Please restate word for word the lines of the entries below from the one with "صور 3 Schmitz" to the one with "DoubleTree by Hilton Manisa, Dining", inclusive, and leave out every picture.

Data records –
━━━━━━━━━━━━━━━━
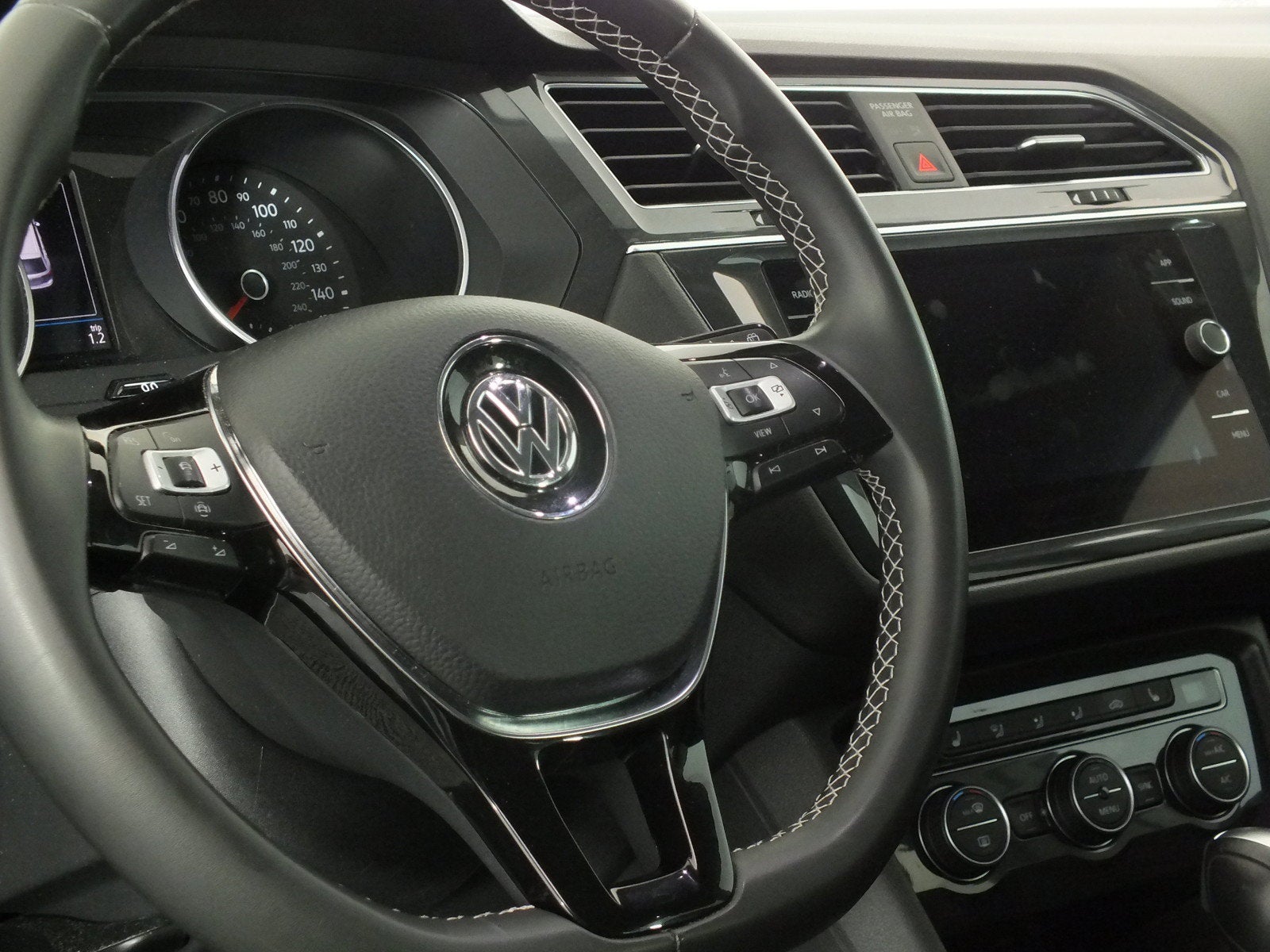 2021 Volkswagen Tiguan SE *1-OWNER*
━━━━━━━━━━━━━━━━
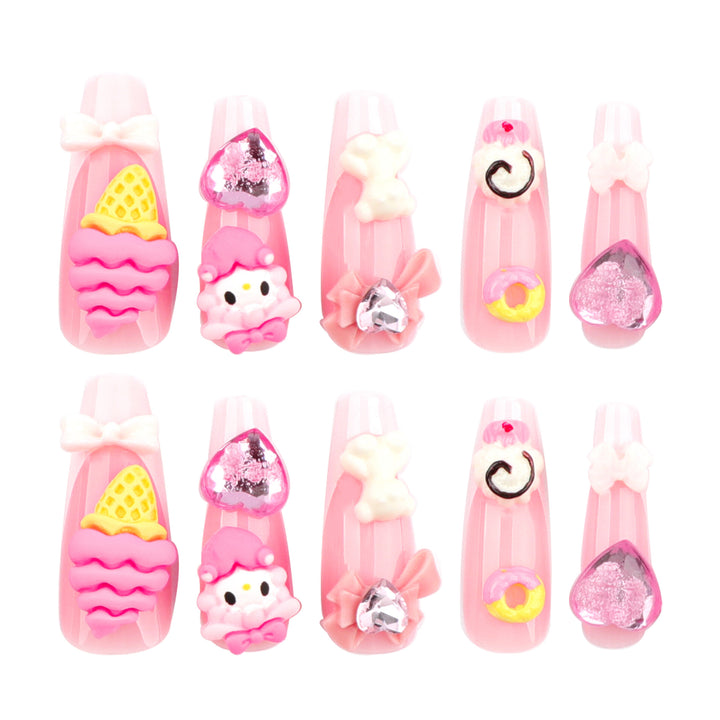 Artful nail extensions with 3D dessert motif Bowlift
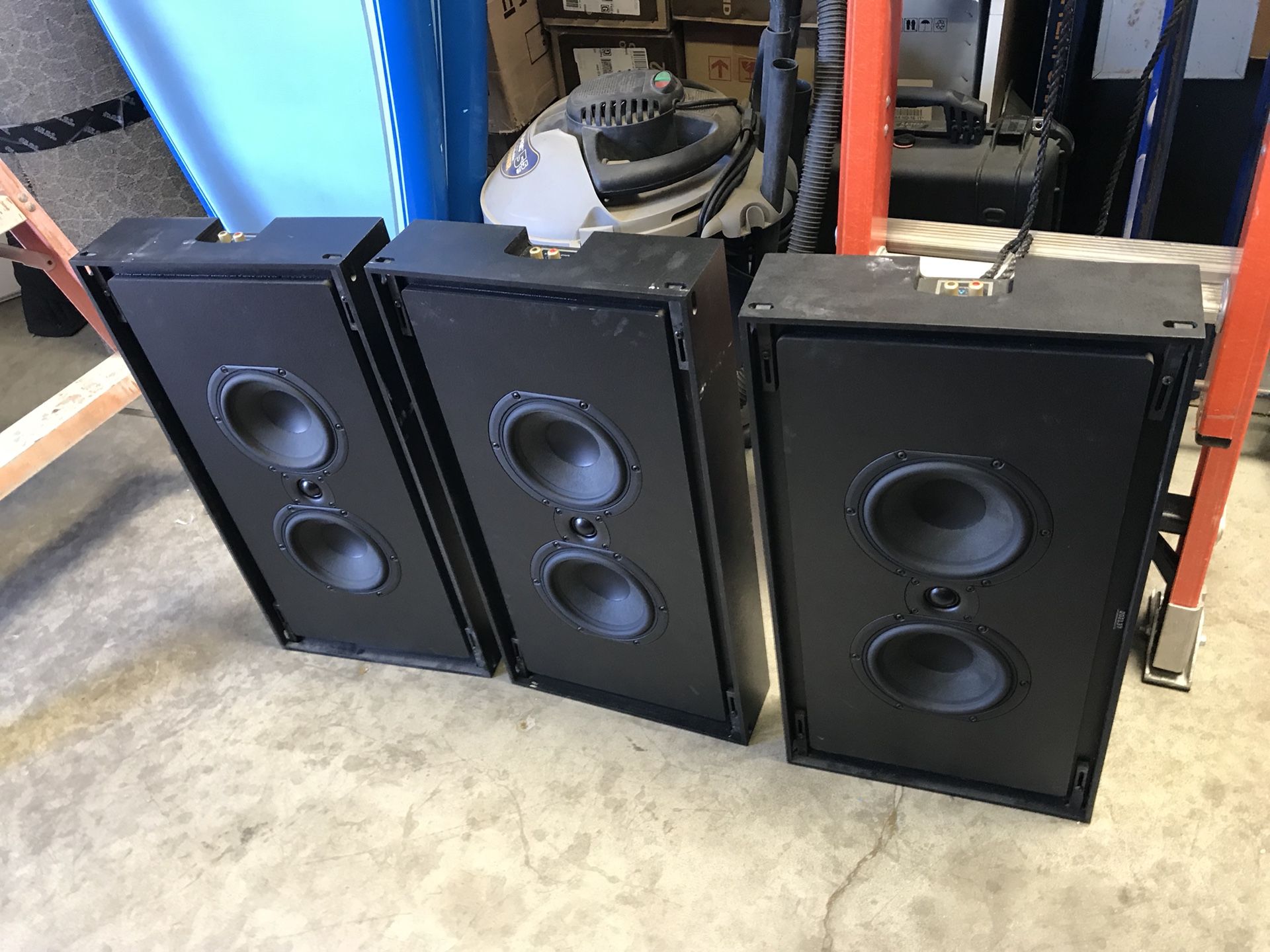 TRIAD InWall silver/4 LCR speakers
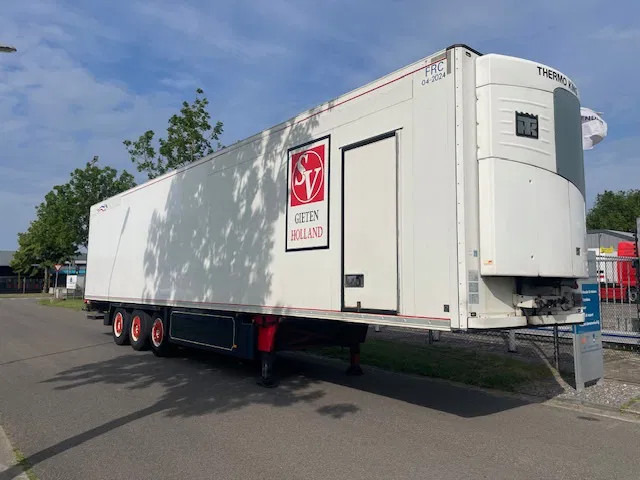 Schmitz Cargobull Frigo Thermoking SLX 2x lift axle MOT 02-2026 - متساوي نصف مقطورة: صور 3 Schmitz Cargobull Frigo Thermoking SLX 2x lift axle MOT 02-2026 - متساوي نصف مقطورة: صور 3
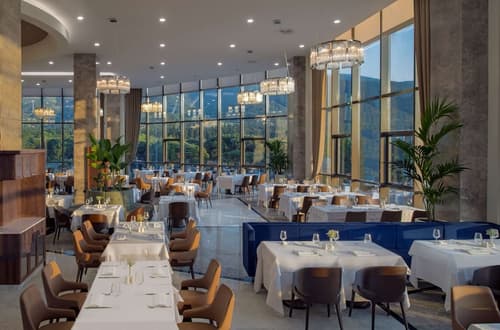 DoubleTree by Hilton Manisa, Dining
━━━━━━━━━━━━━━━━
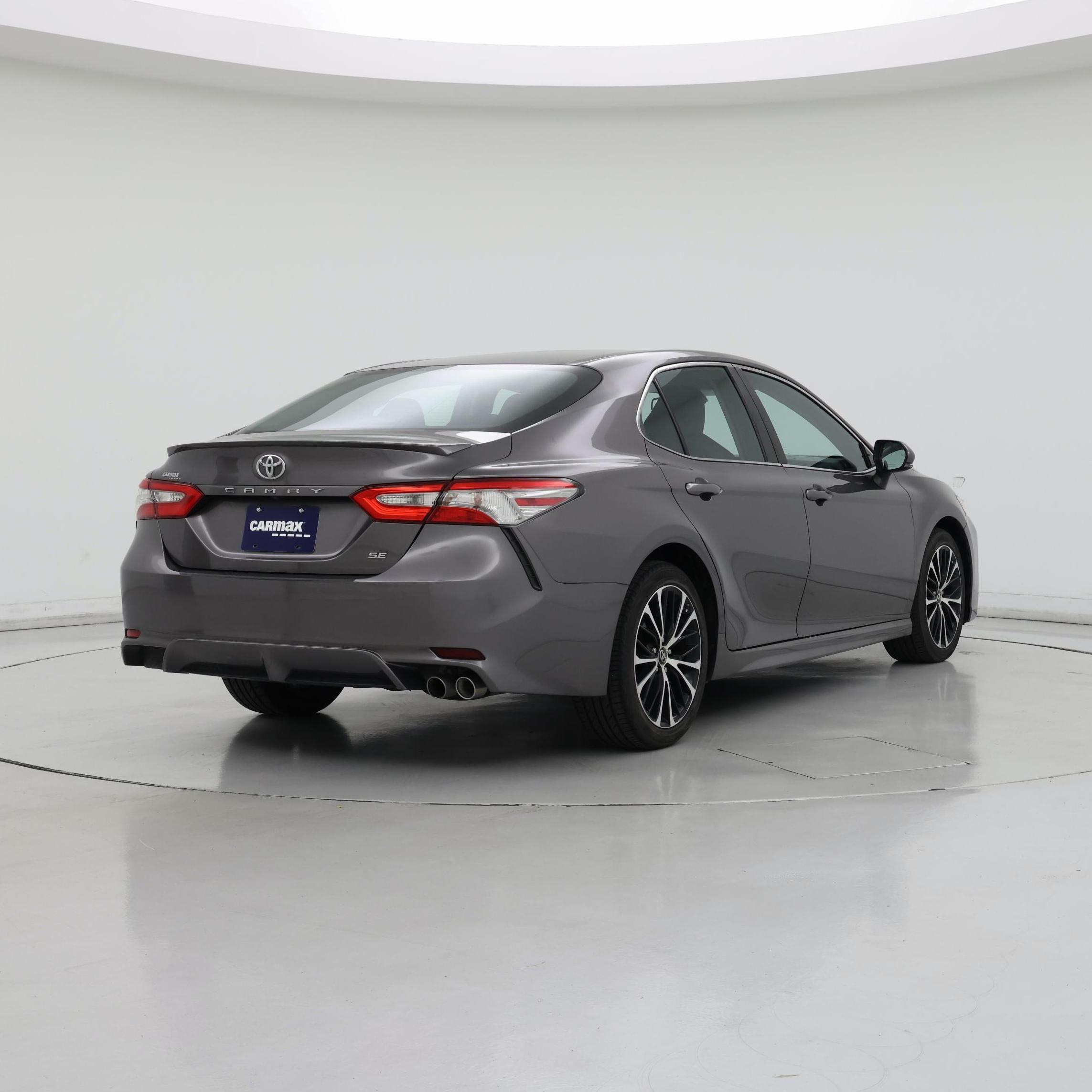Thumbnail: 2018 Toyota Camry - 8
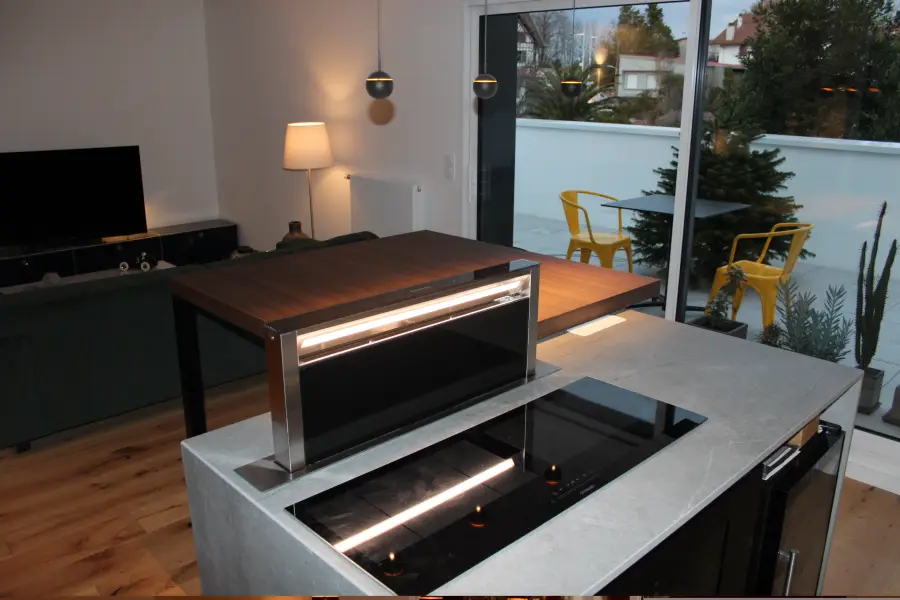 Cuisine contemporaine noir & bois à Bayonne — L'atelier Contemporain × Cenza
━━━━━━━━━━━━━━━━
Response to the exercise –
 Schmitz Cargobull Frigo Thermoking SLX 2x lift axle MOT 02-2026 - متساوي نصف مقطورة: صور 3 Schmitz Cargobull Frigo Thermoking SLX 2x lift axle MOT 02-2026 - متساوي نصف مقطورة: صور 3
 DoubleTree by Hilton Manisa, Dining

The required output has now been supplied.